Courts have tossed attempts to vacate arbitration decisions in which brokers alleged bias because arbitrators improperly classified themselves as public rather than industry representatives or where Finra’s alleged failure to send notifications of promissory note claims to a broker’s correct address or to postpone hearings to accommodate schedules constituted procedural misconduct.
Christopher Warren, the New York lawyer representing Gilroy-Solano, said he does not comment on ongoing litigation but conceded that convincing a court will be “tough.”
In his petition, which the court said must be resubmitted to correct a filing error, Warren characterized Allen’s failure to initially disclose that she had worked with the Wells lawyers as a “procedural defect” that deprived the broker of his rights to due process and a fair hearing.
Miles Hart, a lawyer in Birmingham, Mich., who was on the team representing Wells in the arbitration, did not return a call for comment.
In her arbitration award decision, Allen granted Wells the balances it sought on three promissory notes tied to loans it gave to the broker, plus interest and almost $10,000 in attorneys’ fees.
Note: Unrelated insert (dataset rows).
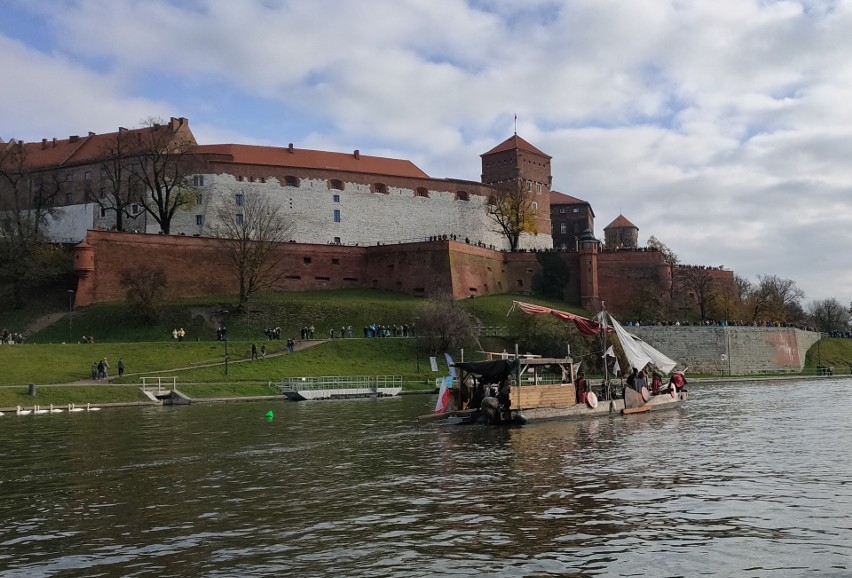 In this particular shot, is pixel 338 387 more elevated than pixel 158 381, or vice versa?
pixel 158 381

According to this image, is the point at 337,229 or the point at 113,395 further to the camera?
the point at 337,229

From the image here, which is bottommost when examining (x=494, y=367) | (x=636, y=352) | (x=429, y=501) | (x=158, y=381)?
(x=429, y=501)

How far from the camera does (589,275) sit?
83188mm

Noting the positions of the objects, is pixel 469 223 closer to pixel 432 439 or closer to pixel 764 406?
pixel 764 406

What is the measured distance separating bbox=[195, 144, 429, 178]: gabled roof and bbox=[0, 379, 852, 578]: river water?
62.9 meters

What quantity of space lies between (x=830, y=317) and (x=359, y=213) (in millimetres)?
85518

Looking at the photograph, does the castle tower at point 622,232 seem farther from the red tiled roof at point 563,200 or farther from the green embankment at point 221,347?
the green embankment at point 221,347

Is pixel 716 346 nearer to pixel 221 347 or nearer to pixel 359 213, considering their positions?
pixel 359 213

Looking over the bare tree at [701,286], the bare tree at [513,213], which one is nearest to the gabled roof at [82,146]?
the bare tree at [513,213]

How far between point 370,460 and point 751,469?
9.22 metres

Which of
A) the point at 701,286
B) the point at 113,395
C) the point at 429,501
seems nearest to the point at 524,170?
the point at 701,286

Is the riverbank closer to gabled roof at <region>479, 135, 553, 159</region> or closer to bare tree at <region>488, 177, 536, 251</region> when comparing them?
bare tree at <region>488, 177, 536, 251</region>

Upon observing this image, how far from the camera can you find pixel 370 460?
20766mm

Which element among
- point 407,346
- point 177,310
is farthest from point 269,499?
point 177,310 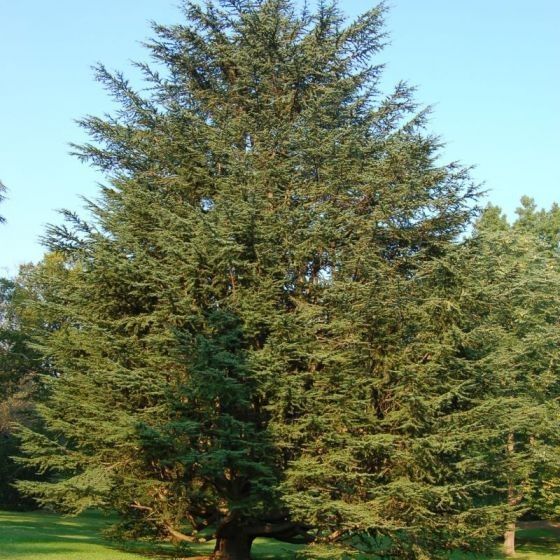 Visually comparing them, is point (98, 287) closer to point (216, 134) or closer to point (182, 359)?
point (182, 359)

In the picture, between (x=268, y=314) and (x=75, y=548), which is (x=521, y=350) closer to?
(x=268, y=314)

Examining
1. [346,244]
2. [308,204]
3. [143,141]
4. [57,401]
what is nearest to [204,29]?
[143,141]

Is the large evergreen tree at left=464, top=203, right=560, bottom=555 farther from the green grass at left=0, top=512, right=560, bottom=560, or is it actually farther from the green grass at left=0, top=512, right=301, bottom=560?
the green grass at left=0, top=512, right=301, bottom=560

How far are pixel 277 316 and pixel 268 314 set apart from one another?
48 centimetres

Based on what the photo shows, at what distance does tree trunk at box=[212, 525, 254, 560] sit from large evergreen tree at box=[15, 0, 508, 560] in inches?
1.7

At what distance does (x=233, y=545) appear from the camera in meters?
15.2

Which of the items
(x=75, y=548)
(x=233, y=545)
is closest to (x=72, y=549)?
(x=75, y=548)

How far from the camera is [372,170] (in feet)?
48.7

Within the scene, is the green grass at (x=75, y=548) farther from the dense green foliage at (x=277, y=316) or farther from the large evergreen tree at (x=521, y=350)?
the large evergreen tree at (x=521, y=350)

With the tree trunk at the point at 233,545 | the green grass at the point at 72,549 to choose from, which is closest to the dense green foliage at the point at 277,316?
the tree trunk at the point at 233,545

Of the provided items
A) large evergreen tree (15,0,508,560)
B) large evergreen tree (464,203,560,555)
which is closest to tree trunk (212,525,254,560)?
large evergreen tree (15,0,508,560)

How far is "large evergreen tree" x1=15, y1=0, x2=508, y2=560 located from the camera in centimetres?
1289

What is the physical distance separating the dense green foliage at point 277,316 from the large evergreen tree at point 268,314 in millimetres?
57

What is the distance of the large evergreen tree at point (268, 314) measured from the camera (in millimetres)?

She also ordered Gilroy-Soldano to reimburse $1,000 to Wells for the nonrefundable portion of its Finra filing fee.
Bradley Schnurr, a Long Island lawyer who recently lost a bid to have a court vacate a promissory note award to UBS on behalf of a former broker, said that brokers representing themselves or hiring lawyers should carefully vet disclosures by arbitrators. But he said they are disadvantaged by the deference courts give arbitrators and because of weak oversight by Finra.
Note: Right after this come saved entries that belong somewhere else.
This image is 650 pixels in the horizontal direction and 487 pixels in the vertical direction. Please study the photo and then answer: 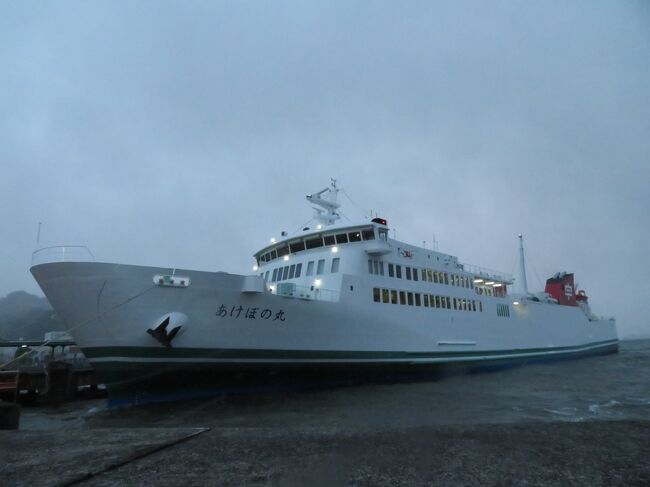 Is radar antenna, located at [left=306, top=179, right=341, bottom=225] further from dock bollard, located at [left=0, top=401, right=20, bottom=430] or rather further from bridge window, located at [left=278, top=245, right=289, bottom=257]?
dock bollard, located at [left=0, top=401, right=20, bottom=430]

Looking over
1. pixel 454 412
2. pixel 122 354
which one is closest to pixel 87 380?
pixel 122 354

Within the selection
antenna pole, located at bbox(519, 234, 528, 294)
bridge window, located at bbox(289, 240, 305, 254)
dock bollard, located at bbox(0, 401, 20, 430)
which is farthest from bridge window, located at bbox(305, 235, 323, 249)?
antenna pole, located at bbox(519, 234, 528, 294)

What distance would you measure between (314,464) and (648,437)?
12.4ft

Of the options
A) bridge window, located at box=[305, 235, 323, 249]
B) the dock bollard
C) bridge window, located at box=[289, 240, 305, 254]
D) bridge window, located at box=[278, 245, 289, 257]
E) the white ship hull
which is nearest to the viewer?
the dock bollard

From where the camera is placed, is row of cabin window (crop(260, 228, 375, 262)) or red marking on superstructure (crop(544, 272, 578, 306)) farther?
red marking on superstructure (crop(544, 272, 578, 306))

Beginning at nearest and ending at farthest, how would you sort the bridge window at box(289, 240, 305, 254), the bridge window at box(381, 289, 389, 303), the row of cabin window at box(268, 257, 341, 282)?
the row of cabin window at box(268, 257, 341, 282) < the bridge window at box(381, 289, 389, 303) < the bridge window at box(289, 240, 305, 254)

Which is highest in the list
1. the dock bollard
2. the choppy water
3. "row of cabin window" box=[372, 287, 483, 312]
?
"row of cabin window" box=[372, 287, 483, 312]

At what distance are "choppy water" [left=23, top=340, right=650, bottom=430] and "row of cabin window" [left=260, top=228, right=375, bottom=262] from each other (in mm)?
6843

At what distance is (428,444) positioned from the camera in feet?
13.5

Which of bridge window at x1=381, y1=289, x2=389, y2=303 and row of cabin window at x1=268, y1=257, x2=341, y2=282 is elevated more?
row of cabin window at x1=268, y1=257, x2=341, y2=282

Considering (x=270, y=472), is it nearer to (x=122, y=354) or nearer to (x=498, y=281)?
(x=122, y=354)

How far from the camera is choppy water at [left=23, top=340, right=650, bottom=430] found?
10688 millimetres

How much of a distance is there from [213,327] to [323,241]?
7.94 m

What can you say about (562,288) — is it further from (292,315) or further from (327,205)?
(292,315)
“It’s very important for advisors representing themselves or through legal counsel to review arbitrator biographies and backgrounds to weed out in any way, shape or form an association with the financial services industry,” he said, “but I don’t believe that the broker has a duty to continue to ask. Finra stresses to arbitrators that they have to make full and accurate disclosures but they don’t necessarily police it.”